Note from Dr. Glazer: The authors of this paper are clinicians who, with the cooperation of the patients and staff at their institution, have been persistently following a stepwise process to identify a best practice in the area of inpatient safety. A previous column by these authors, in the April 2007 issue, delineated their concept of inpatient safety guidelines. In this column they describe the guidelines that they adapted and implemented. They demonstrate, through integration of data from their risk management and human resources records, the potential impact of these guidelines once implemented. It is now time for some controlled trials that will promote this work to the status of a best practice.
Threatening or violent patient behaviors in psychiatric treatment facilities can result in injuries to staff and patients, which create substantial treatment, occupational, and financial challenges for mental health administrators (1,2). Health care workplace injuries during the treatment of psychiatric patients occur when the interaction of individual, social-psychological, interpersonal, situational, and contextual variables are not properly managed (3,4).
The Joint Commission's 2008 National Patient Safety Goals for Hospitals Standards recognizes that sound treatment design is intrinsic to the delivery of safe, high-quality inpatient services; goals to decrease and eliminate staff injuries should focus on systemwide, evidence-based solutions (5). In the spirit of the Joint Commission's national patient safety goals, this column describes the implementation of safety guidelines developed for the injury-free management of psychiatric inpatients in a hospital system during precrisis and crisis treatment. The guidelines were developed for use at Twin Valley Behavioral Healthcare (TVBH), an inpatient treatment facility for approximately 200 civil patients, forensic patients, and maximum-security forensic patients of the Ohio Department of Mental Health (ODMH).

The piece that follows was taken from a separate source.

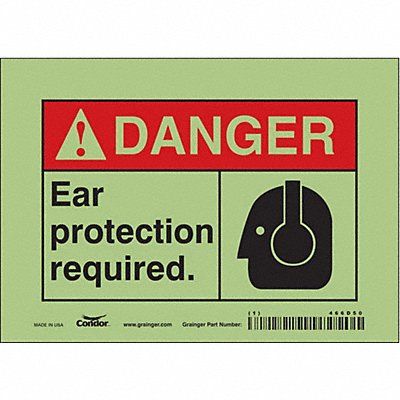 Safety Sign 5 in x 7 in Glow Vinyl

These guidelines are based on the safety concepts described in our previous contribution to the Best Practices column (6). In this column, we describe them and demonstrate their validity in a quasi-experimental study. The goal of the guidelines is to create a "culture of safety" in all hospital settings and interventions.

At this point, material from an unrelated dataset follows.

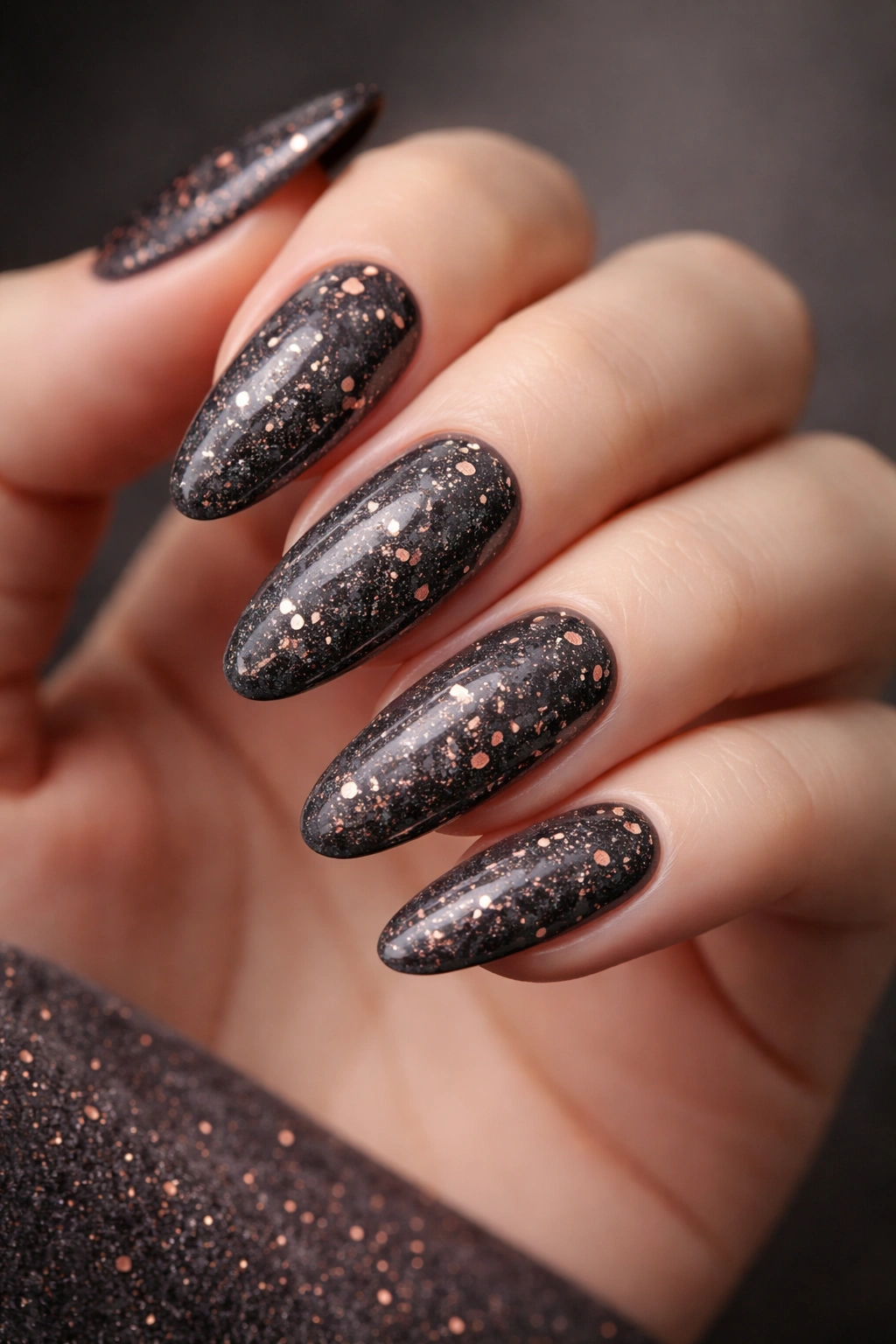 Close-up of charcoal nails with rose gold speckles on a dark background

TVBH benchmarks the quality of its services with national standards and the other four regional, state-operated, psychiatric ODMH hospitals. In the fall of 2003, TVBH determined that its direct care staff was experiencing a disproportionately higher rate of lost workdays as a result of staff injuries; 90% of the injuries were related to staff-patient physical-contact interventions, and 50% were specifically related to use of the patient restraint process. To reduce staff injuries, TVBH developed the Safety Guidelines for Injury-Free Management of Patients in Precrisis and Crisis Situations. The guidelines' safety rules were implemented in 2004 with multimedia training sessions and incorporated into TVBH policies with an agency logo: "Working Smart=Working Safe." This logo was incorporated into all TVBH orientation, educational, and training documents and serves as the initial sign-on wallpaper for all staff desktop computer workstations. [A graphic of the logo is available in an online supplement to this column at ps.psychiatryonline.org.]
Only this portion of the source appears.